Dallas Cowboys

Cowboys upset with officials, NFL over power issues during Redskins game

Dallas Cowboys head coach Jason Garrett complains to the referees about in the first quarter as the Dallas Cowboys play the Washington Redskins, Monday, December 7, 2015 at FedEx Field in Landover, Maryland.
Dallas Cowboys head coach Jason Garrett complains to the referees about in the first quarter as the Dallas Cowboys play the Washington Redskins, Monday, December 7, 2015 at FedEx Field in Landover, Maryland. Star-Telegram

For nearly two quarters in Monday night’s 19-16 victory against the Washington Redskins, the Dallas Cowboys were at a competitive disadvantage.

Their Microsoft Surface tablets did not work and they were also unable to access the old-fashion photos.

Jason Garrett complained vehemently to the game officials throughout the first and second quarters of the game to get the Redskins to discontinue use of their tablets, citing the equity rule.

It wasn’t until late in the second quarter that the officials were finally able to take away the Redskins’ tablets and use of pictures.

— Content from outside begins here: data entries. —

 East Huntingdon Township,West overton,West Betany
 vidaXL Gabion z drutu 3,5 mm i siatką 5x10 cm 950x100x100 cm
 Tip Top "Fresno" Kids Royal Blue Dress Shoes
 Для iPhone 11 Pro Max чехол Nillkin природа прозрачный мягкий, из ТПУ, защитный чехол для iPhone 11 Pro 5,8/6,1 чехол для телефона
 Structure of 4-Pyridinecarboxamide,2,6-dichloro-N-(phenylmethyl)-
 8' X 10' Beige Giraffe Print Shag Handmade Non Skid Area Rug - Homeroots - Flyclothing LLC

Neither team had use of either over the final two quarters.

Luckily, for the Cowboys it didn’t have an adverse impact on the outcome. The scored was tied 3-3 at halftime.

Still, Garrett called the NFL offense and spoke with director of officiating Dean Blandino, though the Cowboys still didn’t get complete clarity on how the situation should have been handled.

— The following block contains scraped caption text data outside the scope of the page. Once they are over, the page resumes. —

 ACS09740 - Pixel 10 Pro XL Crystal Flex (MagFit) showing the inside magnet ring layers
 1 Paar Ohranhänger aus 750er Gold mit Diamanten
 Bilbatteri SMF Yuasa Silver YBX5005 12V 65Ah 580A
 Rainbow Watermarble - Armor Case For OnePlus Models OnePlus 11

Garrett declined to talk about it the situation on Tuesday.

But after the game Monday night, he acknowledged it was a problem and a huge challenge to overcome in the first half.

"It’s a challenge," Garrett said in the post-game news conference. "It’s a challenge because you get so used to seeing those pictures and verifying your thoughts. So what you have to do is communicate really, really well as to what is going on. The guys upstairs have the best vantage points of fronts, coverages and different looks that we are seeing, so they have to do a good job at taking and writing that stuff down because you don’t have the opportunity to go back and see the pictures or see the stuff that you would typically see on the tablets."